Exercise description = Beginning with the line containing "人教版新起點(diǎn)英語一年級下冊全冊教案.doc_第1頁" and ending with the last line, repeat the records exactly.

Data for this exercise =
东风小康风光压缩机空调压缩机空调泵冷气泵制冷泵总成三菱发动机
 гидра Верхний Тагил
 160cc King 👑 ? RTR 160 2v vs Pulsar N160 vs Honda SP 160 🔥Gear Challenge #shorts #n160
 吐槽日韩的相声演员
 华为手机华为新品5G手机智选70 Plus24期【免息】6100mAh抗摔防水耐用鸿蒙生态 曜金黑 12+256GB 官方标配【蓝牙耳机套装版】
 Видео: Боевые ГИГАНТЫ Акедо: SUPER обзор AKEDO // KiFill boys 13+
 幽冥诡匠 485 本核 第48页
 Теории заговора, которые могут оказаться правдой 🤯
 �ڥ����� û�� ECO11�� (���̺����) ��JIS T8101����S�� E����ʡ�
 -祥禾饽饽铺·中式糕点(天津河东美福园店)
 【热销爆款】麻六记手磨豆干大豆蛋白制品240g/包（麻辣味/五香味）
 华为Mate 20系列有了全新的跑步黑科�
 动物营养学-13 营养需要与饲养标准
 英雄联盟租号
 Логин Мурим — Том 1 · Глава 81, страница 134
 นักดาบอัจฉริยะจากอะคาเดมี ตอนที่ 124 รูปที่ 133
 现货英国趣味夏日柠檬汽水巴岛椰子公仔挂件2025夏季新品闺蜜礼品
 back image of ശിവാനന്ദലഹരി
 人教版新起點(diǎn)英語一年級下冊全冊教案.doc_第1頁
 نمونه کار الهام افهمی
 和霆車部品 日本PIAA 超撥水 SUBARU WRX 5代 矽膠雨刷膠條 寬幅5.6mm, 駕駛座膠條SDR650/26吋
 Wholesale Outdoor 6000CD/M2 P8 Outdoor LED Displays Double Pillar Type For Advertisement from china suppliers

Answer for the task =
 人教版新起點(diǎn)英語一年級下冊全冊教案.doc_第1頁
 نمونه کار الهام افهمی
 和霆車部品 日本PIAA 超撥水 SUBARU WRX 5代 矽膠雨刷膠條 寬幅5.6mm, 駕駛座膠條SDR650/26吋
 Wholesale Outdoor 6000CD/M2 P8 Outdoor LED Displays Double Pillar Type For Advertisement from china suppliers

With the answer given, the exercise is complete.